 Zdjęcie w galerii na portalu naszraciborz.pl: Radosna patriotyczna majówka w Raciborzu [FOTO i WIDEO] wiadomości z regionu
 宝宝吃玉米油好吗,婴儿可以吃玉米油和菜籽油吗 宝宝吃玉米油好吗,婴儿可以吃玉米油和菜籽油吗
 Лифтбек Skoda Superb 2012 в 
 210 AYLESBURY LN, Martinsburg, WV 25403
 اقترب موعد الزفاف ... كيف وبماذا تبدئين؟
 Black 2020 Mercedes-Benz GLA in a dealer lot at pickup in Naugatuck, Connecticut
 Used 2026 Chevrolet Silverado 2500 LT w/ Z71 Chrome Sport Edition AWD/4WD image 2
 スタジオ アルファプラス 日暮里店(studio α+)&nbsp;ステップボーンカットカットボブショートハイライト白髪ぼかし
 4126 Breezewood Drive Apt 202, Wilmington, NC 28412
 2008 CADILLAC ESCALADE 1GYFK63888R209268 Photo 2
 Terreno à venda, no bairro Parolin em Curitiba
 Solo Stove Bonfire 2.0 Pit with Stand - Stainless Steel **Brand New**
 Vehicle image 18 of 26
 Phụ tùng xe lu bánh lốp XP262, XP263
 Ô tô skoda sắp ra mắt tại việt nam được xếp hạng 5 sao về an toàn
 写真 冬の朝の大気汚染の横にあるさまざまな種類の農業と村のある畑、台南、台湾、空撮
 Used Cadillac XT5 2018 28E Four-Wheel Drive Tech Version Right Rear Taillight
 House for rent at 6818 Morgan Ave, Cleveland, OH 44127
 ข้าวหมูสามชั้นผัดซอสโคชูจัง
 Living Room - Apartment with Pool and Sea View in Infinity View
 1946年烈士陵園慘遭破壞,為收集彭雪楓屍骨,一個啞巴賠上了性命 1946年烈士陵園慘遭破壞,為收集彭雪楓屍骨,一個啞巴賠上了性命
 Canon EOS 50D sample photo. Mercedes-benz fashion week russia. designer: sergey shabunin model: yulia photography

* **Required action**: What is needed is an exact copy of the entries above, from the first line through the line holding "اقترب موعد الزفاف ... كيف وبماذا تبدئين؟", with both of those lines kept; please give nothing else.

* **Reply to the task**:
 Zdjęcie w galerii na portalu naszraciborz.pl: Radosna patriotyczna majówka w Raciborzu [FOTO i WIDEO] wiadomości z regionu
 宝宝吃玉米油好吗,婴儿可以吃玉米油和菜籽油吗 宝宝吃玉米油好吗,婴儿可以吃玉米油和菜籽油吗
 Лифтбек Skoda Superb 2012 в 
 210 AYLESBURY LN, Martinsburg, WV 25403
 اقترب موعد الزفاف ... كيف وبماذا تبدئين؟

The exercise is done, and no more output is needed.